INTRASTAT requires more detail and applies at a higher level of turnover.it covers movements of goods to and from other EU states. Goods codes equivalent to the custom codes are required. It is primarily statistical in nature.
The VIES return is required in relation to zero rate supplies of goods and services to VAT registered traders in other EU states It covers most transfers of goods out of the state to another EU state. It is a monthly return.
There are a number of exceptions including
- transfers for the purpose of repairs or maintenance,
- transfers for the purpose of having works or services carried out,
- transfers for temporary use related to the supply of service in another state.
The VIES return is not required in relation to distance sales / mail order sales, which are usually B2C in nature..
The VIES return must be traders and sell goods or provide services cross-borders to businesses within the EU. The return must be submitted by 23rd day of the month following the relevant month of supply.
The VIES statement sets
- out the VAT numbers of customers in other EU states to whom supplies have been made
- total value of supplies of goods and services made to each such customer.
The return identifies triangulation arrangements by which they may be a sub- sale of goods involving traders in three EU states.
Returns may be made electronically. They can be returned by data device, other quasi-electronic means for through ROS. There is a penalty of €4,000 for failure to comply with VIES returns requirements.
Where supplies are less than €100,000 in a month, returns may be quarterly. The threshold was reduced to €50,000 in 2012.
Certain VAT registered traders who supply goods cross-border within the EU but do not supply services cross-border, may be authorised to file annually. Annual returns may be available where annual turnover is less than €85,000 and intra-EU supplies are less than €15,000. Traders who make intra-EU supplies and services must file VIES quarterly regardless of being below the thresholds. They may elect to file monthly.
The INTRASTAT return is required in respect of cross-border movements of EU goods within the European Union. Its primary focus is statistical.it covers goods of EU origin and goods in free circulation within the European Union having been imported and cleared customs. It is in addition to the returns of EU purchases and sales in the standard VAT return.
Where purchases from other EU states are more than €500,000 annually for sales to other EU states are more than €635,000 annually a specific INTRASTAT return is required
Where the sales threshold only is exceeded a dispatch Intrastat return only is required. There is a corresponding provision in relation to intra-EU acquisitions.
The INTRASTAT declaration contains
details of purchases and sales (and certain other movements)of goods within the EU.
- Returns and other consequent goods movements
- Goods sent for repair and returns of the same
- Distance sales where the trader is not obliged to register (will not usually apply to larger traders after July 2021)
The value of transactions is to be inserted. In order to maintain statistical equivalence to the import value the costs of transport and insurance after arrival of the goods in the state is deducted.

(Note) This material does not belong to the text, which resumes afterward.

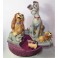 Lady and the Tramp walt disney collectibles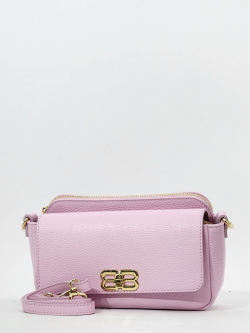 Клатч Steffalini st2822 vitello rosa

A more detailed INTRASTAT return is required where EU purchases exceed €5 million and EU sales €35 million annually.
The return must be made monthly by the 23rd day of the following month for the previous months EU sales and purchases.
Intrastat returns may be made by an agent. In a VAT group, it may be returned by the remitter. The returns may be made through a number of electronic means or through Revenue On Line.
There is a penalty of €1,265 euro and thereafter €65 euro per day for failure to comply.